Records for the exercise section start
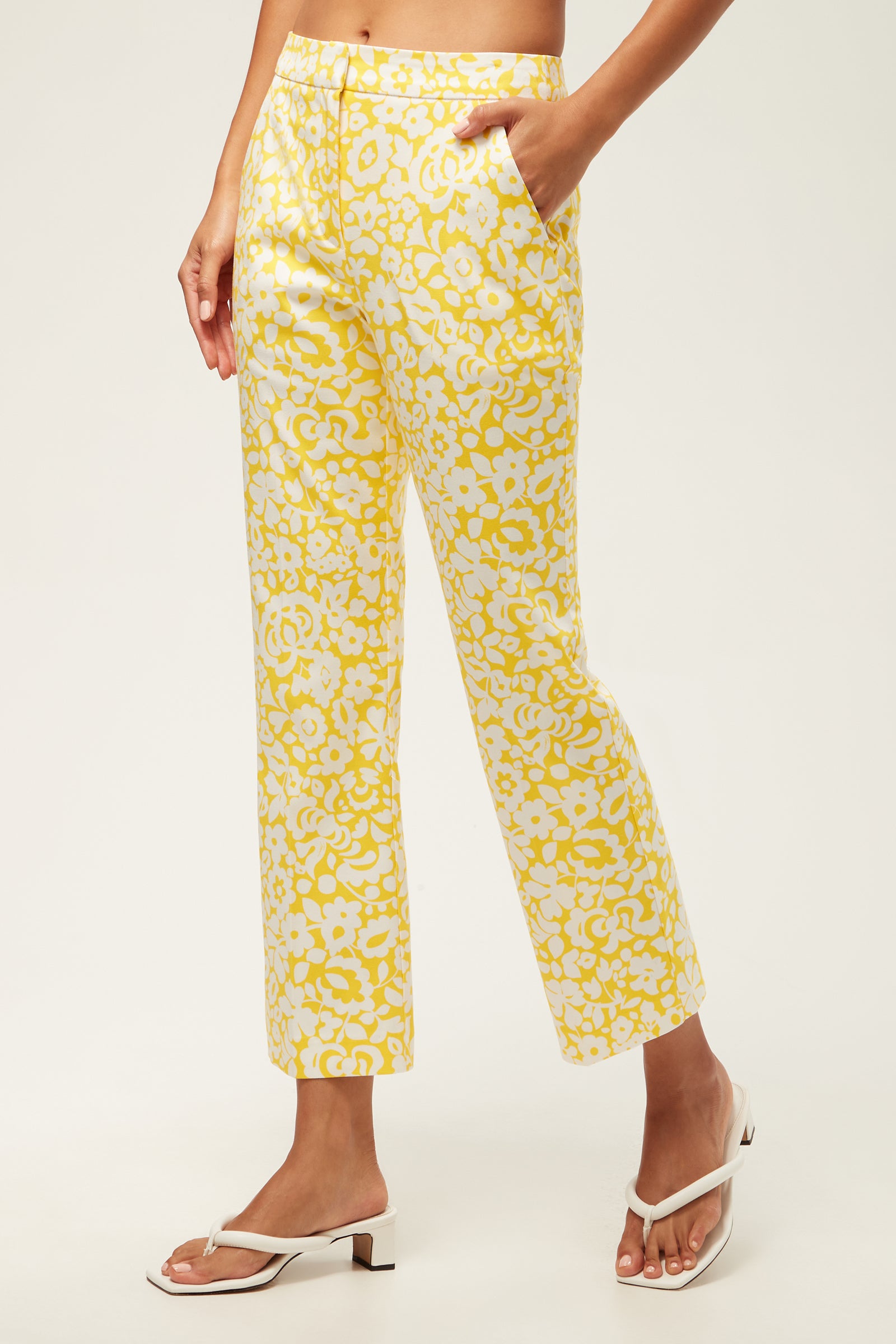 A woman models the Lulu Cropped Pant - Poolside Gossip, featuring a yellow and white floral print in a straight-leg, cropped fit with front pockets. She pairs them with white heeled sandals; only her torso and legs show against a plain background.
Records for the exercise section end
Records for the exercise section start
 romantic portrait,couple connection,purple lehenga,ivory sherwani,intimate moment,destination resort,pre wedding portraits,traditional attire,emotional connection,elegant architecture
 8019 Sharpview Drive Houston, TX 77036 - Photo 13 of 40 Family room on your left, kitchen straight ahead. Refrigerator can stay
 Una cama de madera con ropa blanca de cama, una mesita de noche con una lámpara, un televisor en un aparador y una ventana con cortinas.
Records for the exercise section end
_Exercise aim_
Go back to the listing above. Copy word for word the lines from the one with "romantic portrait,couple connection,purple" through the one with "8019 Sharpview Drive", and nothing more.

_Answer to the exercise_
 romantic portrait,couple connection,purple lehenga,ivory sherwani,intimate moment,destination resort,pre wedding portraits,traditional attire,emotional connection,elegant architecture
 8019 Sharpview Drive Houston, TX 77036 - Photo 13 of 40 Family room on your left, kitchen straight ahead. Refrigerator can stay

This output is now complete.